··· Exercise material

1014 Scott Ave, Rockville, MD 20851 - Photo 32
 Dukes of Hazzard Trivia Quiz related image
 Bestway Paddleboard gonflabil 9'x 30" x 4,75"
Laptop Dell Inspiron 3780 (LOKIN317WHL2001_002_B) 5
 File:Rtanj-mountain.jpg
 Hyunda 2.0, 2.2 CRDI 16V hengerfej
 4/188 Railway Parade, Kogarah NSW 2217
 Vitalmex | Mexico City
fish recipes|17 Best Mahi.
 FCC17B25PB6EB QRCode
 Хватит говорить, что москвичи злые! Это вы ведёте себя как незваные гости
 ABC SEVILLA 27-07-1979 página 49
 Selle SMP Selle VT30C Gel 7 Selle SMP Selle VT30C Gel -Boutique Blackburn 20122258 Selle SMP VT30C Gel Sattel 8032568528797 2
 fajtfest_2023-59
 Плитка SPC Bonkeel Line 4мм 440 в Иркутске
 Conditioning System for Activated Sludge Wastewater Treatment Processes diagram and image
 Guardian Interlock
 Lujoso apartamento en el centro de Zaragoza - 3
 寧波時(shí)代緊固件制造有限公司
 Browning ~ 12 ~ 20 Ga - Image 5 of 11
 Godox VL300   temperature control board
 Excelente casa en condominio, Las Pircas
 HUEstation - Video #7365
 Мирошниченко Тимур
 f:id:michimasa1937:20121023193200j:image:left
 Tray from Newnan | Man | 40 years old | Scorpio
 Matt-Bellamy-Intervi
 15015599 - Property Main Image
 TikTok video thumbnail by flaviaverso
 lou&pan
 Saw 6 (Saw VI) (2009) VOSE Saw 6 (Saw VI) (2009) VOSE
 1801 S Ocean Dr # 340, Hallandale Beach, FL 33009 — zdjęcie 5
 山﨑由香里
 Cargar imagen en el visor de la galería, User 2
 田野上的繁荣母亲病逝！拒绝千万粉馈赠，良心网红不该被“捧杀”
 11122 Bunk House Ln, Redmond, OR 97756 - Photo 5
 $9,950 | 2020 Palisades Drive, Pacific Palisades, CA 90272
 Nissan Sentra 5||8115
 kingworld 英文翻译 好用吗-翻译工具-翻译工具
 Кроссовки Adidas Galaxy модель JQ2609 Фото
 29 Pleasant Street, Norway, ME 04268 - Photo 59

······

**What the task asks:**
Find the lines above that contain the word "Photo" and collect them.

**The answer:**
1014 Scott Ave, Rockville, MD 20851 - Photo 32
 11122 Bunk House Ln, Redmond, OR 97756 - Photo 5
 29 Pleasant Street, Norway, ME 04268 - Photo 59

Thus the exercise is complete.